We have the option of installing each software independently. However, that can be time-consuming and tedious since each software needs to be configured to work together. To expedite the process, we can use XAMPP, which performs these steps for us in a few minutes.
It is a web development platform that provides a complete package of software tools for building and running dynamic websites and web applications. XAMPP includes the Apache web server, the MariaDB database, and the PHP and Perl scripting languages, along with other tools, all pre-configured and ready to use. It is designed to make it easy for developers to set up a local web server environment for testing and developing their web applications.
What is Perl?
Perl is another programming language bundled with XAMPP. It's not necessary to use it for PHP development, nor will it be used throughout this book. XAMPP includes Perl for those who need it, along with the traditional LAMP stack.
You can download XAMPP over at Apache Friends. On the homepage, there will be an option to download XAMPP for windows or mac. Choose the option relevant to your operating system.
After XAMPP has been downloaded, you can navigate to your downloads to right-click on the exe file and select "run as administrator." The XAMPP setup wizard will boot up.
Click next. You'll eventually have the option to select the components you'd like to install. In most cases, the default selection should work fine. Please make sure PHP is selected.
Next, you must select a folder for installing XAMPP. I recommend installing XAMPP in a separate folder from your programs so that it's easier to access and find.
Afterward, you can select a language. Choose whichever you prefer. XAMPP can be used in multiple languages.
Finally, you can begin installing XAMPP.
This may take a few moments, so be patient.
After some time has passed, XAMPP should've been installed successfully. Congrats! You're well on your way to learning PHP.

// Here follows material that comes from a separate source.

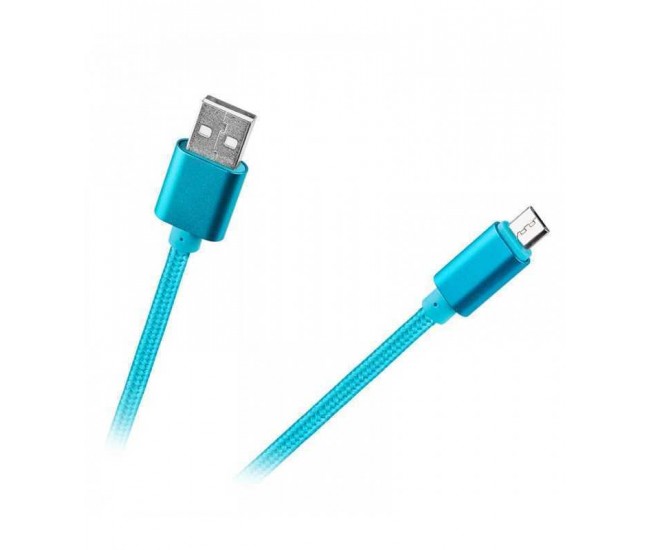 Cablu USB - micro USB 1m NYLON M-LIFE albastru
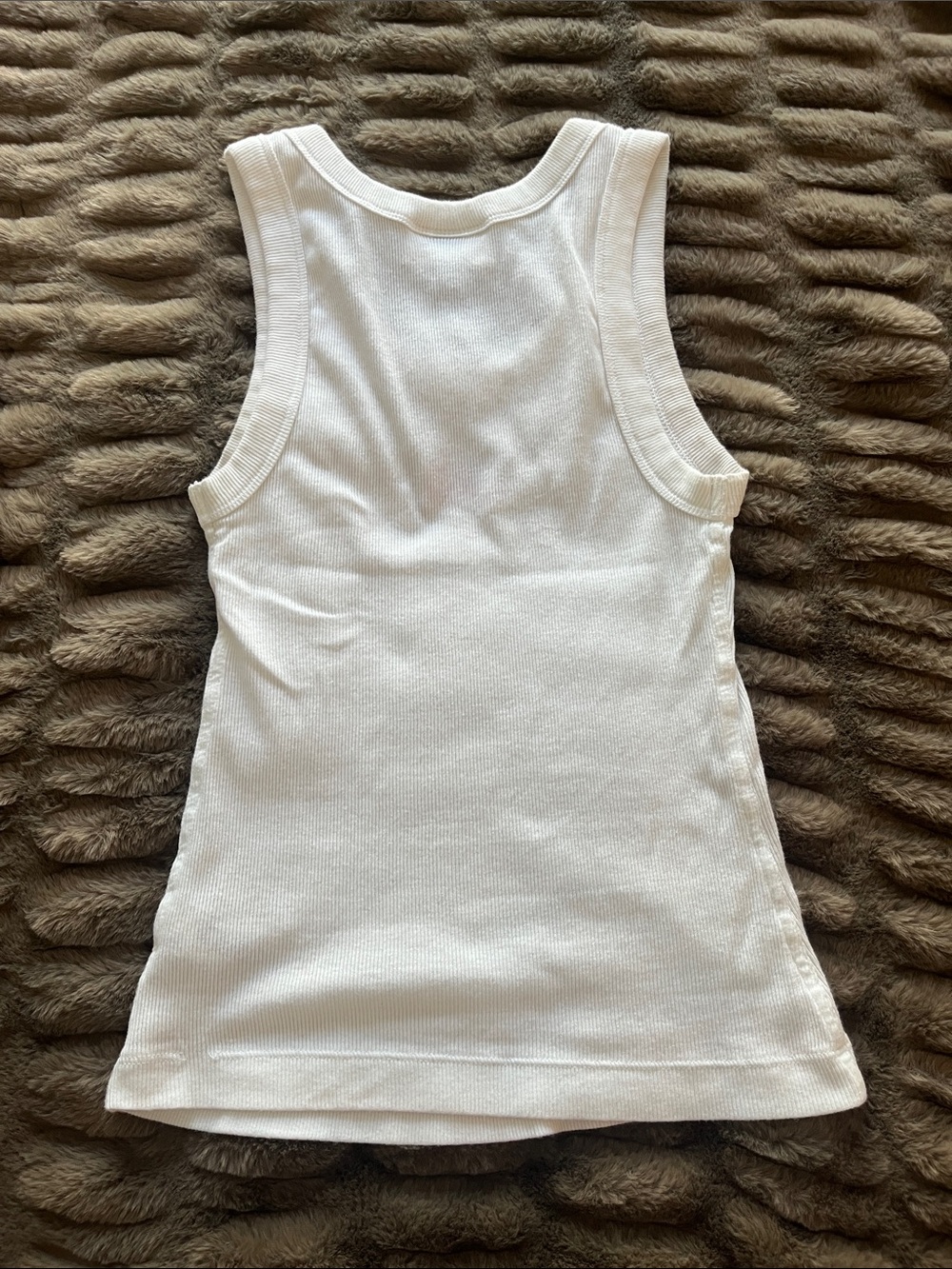 Universal Thread • White Ribbed Tank with Flag Patch - Picture 6 of 6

XAMPP is not the only program available for installing the same software. While XAMPP is cross-platform, some Mac users may struggle with installing it. In that case, you can check out MAMP. Originally designed for Mac users, it also supports Windows.
Another great option is called Laragon. However, Laragon only works on Windows.
If you have limited permissions on your current machine, you can consider using Replit. It's an online IDE for software development. Support for PHP is available. I recommend using Replit if you don't want to spend time configuring your machine to learn PHP.
What about Docker
As you start to work on larger projects, these tools begin to show their flaws. It isn't easy to switch between environments without affecting other projects. Ideally, each project should have its own environment and be isolated from other projects.
For advanced PHP users, Docker is the clear winner. The major problem is that it can be overwhelming for beginners.
Don't worry; there's a chapter dedicated to using Docker + PHP. You will naturally come across it, assuming you're reading this book from beginning to end. For now, XAMPP, MAMP, or Laragon will suffice for what's covered.